June – Tragedy in Charleston, SC prompts removal of all things Confederate: SCOTUS rules against Sons of Confederate Veterans stating license plates are government property and can regulate its content;  “Dukes of Hazzard” program is removed from TV Land’s lineup;Miami, Fla car museum covers roof of Gen. Lee car on display; Alabama Gov. Bentley removes all four Confederate flags from monument on State Capitol; SC Gov. Haley signs bill to remove Confederate memorial battle flag from State House grounds, flag removed on July 10th;Univ. of Texas removes Confederate memorial from campus; City of Mobile removes all its historic flags from its city seal; Hillsborough County, Fla removes its historic flag display from the government center; Wichita, KS removes battle flag from Veterans’ memorial park; Cities of Columbus, Starkville, Hattiesburg, Magnolia and Grenada, MS remove state flag from city property, Natchez, Philadelphia and Vicksburg will eventually do the same; Virginia and Maryland discontinue their Sons of Confederate Veterans license plate program; National Park Service removes all historic flags from Fort Sumter, discontinues sales of  battle flags in its stores; NPS later reinstates Ft.

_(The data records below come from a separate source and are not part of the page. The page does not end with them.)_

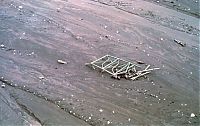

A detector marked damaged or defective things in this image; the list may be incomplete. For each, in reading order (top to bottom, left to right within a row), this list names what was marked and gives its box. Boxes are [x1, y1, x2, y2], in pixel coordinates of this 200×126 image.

broken wood debris [85, 54, 159, 80] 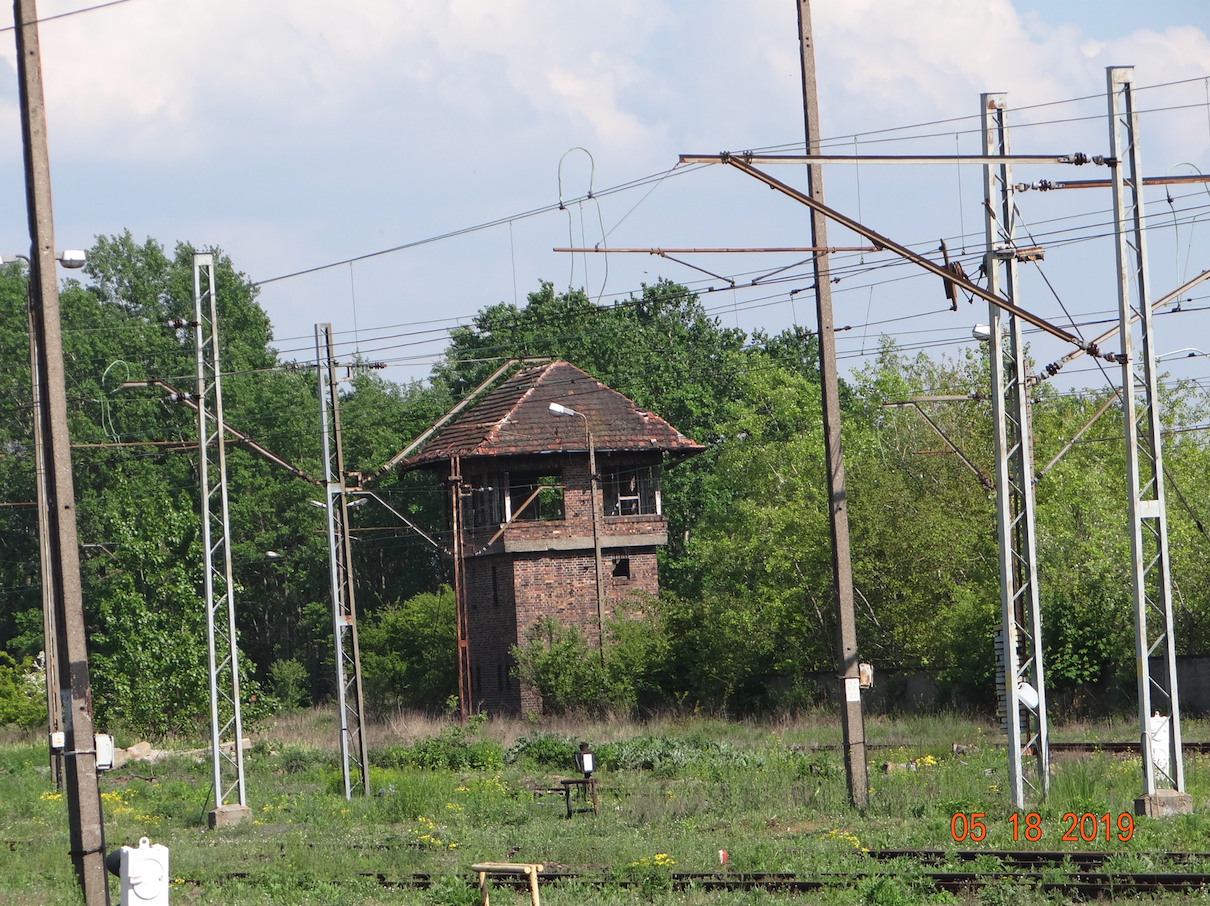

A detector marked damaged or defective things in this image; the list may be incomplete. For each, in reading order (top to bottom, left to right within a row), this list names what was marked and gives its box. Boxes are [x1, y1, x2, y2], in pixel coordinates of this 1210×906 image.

broken window [510, 469, 566, 520]
broken window [605, 466, 663, 515] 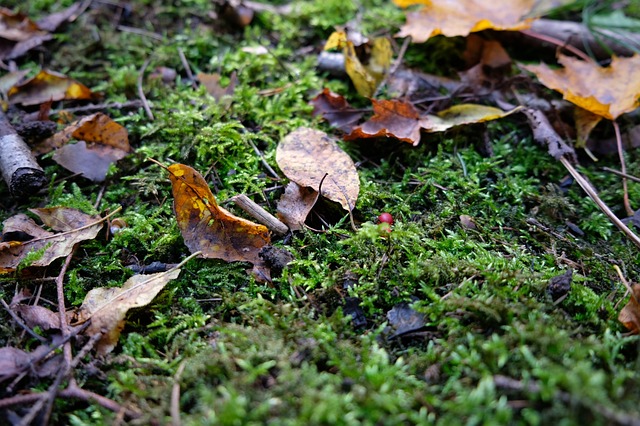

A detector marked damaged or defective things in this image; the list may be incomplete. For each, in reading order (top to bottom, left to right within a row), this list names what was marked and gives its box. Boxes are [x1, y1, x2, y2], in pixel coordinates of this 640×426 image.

broken stick [0, 109, 46, 197] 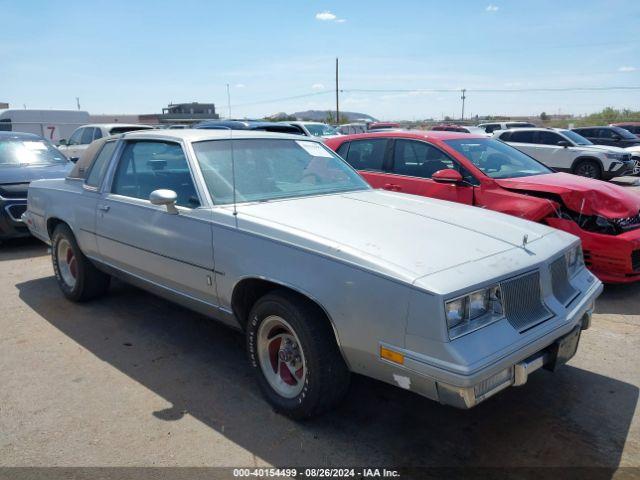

Sumter’s historic flags on smaller poles; National Cathedral in Washington, DC removes Confederate flag imagery from its memorial reconciliation windows; Amazon, eBay, Wal-Mart, Sears, & Target discontinues sale of any items featuring Confederate Battle flag including already pre-ordered class rings; Flag companies Anin, Valley Forge, and Dixie Flag in San Antonio discontinue sale of battle Flag; Confederate monuments vandalized in Austin, Texas, Asheville, NC, Charleston, SC, Baltimore, MD, Columbia, SC, Richmond, Va. and St. Louis; Nashville restaurant, Acme Feed & Seed, removes Confederate flag artwork; Kentucky State Fair Board bans sales of Confederate flags, merchandise at state fair, fleamarket.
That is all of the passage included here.